Task requirements:
Please repeat the records below exactly, skipping any pictures.

Dataset extract:
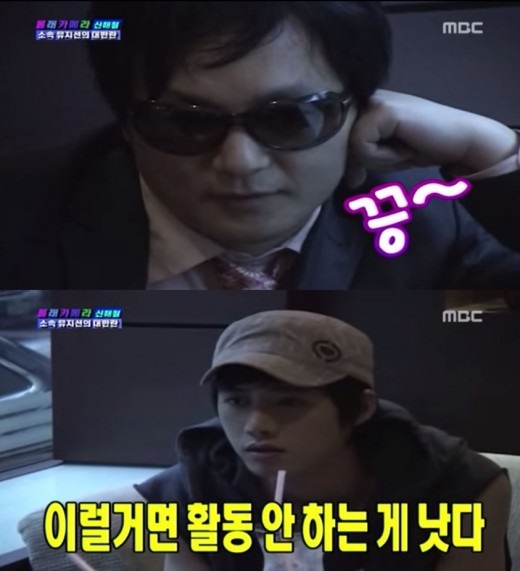 신해철, 지현수, 오종혁 ⓒ MBC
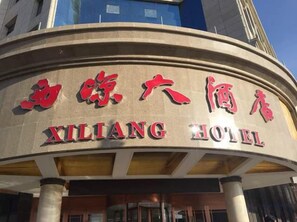 The exterior of the Xiliang Hotel with its name in both Chinese and English. - Xiliang Hotel (Wuwei)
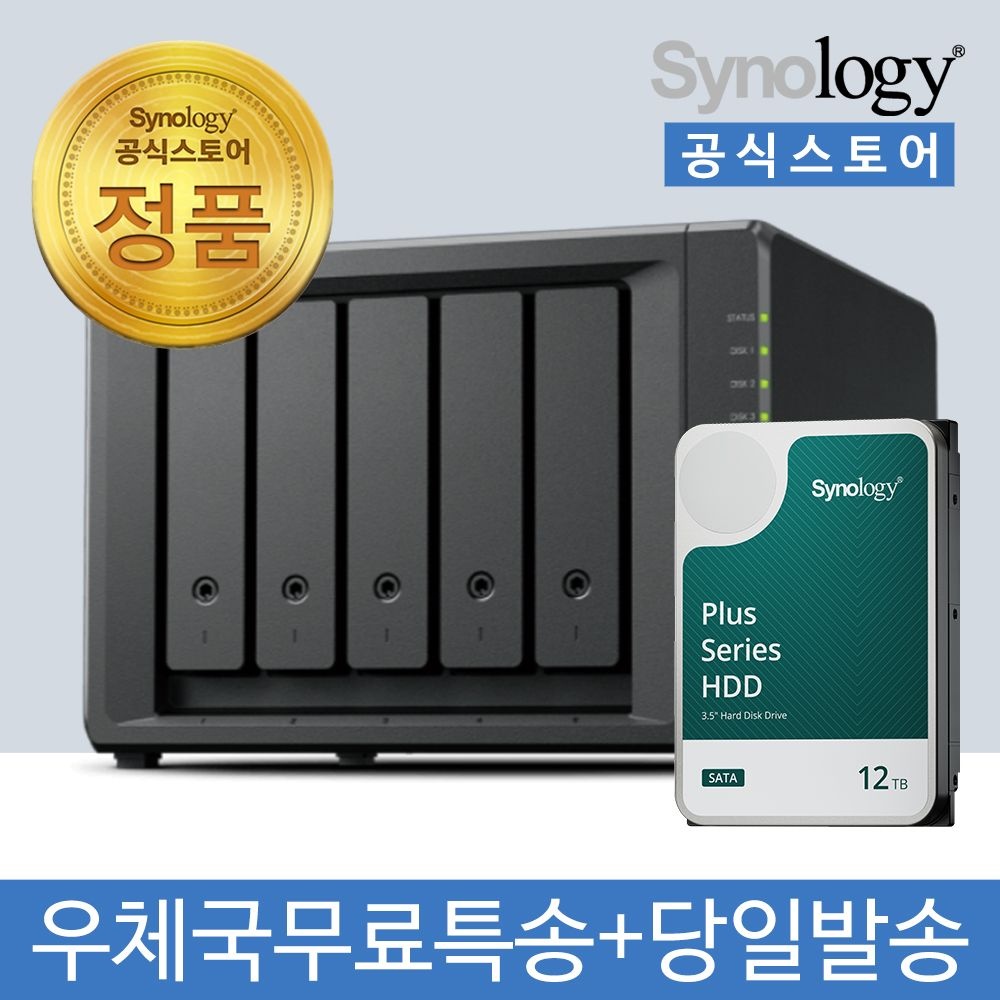 [오늘출발] 시놀로지 DS1525+ NAS 5베이 12TB [12TBx1] HDD HAT3310 포함
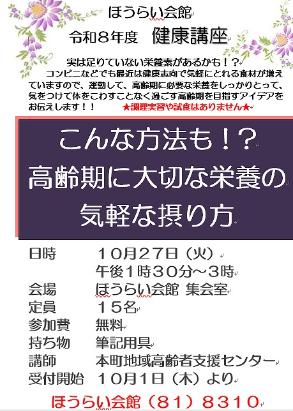 健康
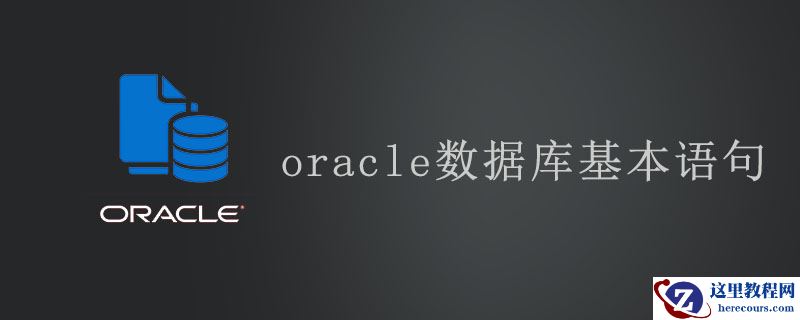 oracle数据库基本语句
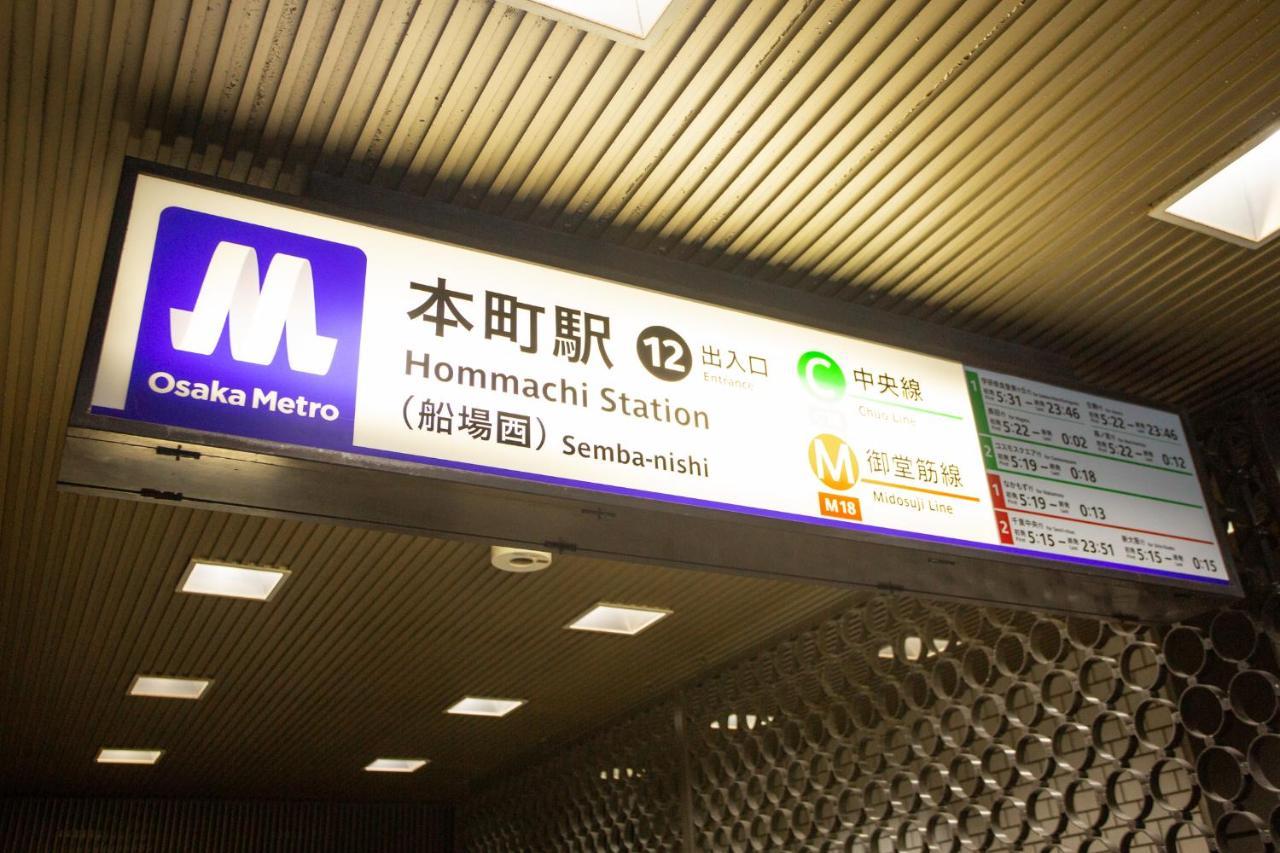 Kuretake Inn Osaka Midousuji Hommachi المظهر الخارجي الصورة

Exercise solution:
 신해철, 지현수, 오종혁 ⓒ MBC
 The exterior of the Xiliang Hotel with its name in both Chinese and English. - Xiliang Hotel (Wuwei)
 [오늘출발] 시놀로지 DS1525+ NAS 5베이 12TB [12TBx1] HDD HAT3310 포함
 健康
 oracle数据库基本语句
 Kuretake Inn Osaka Midousuji Hommachi المظهر الخارجي الصورة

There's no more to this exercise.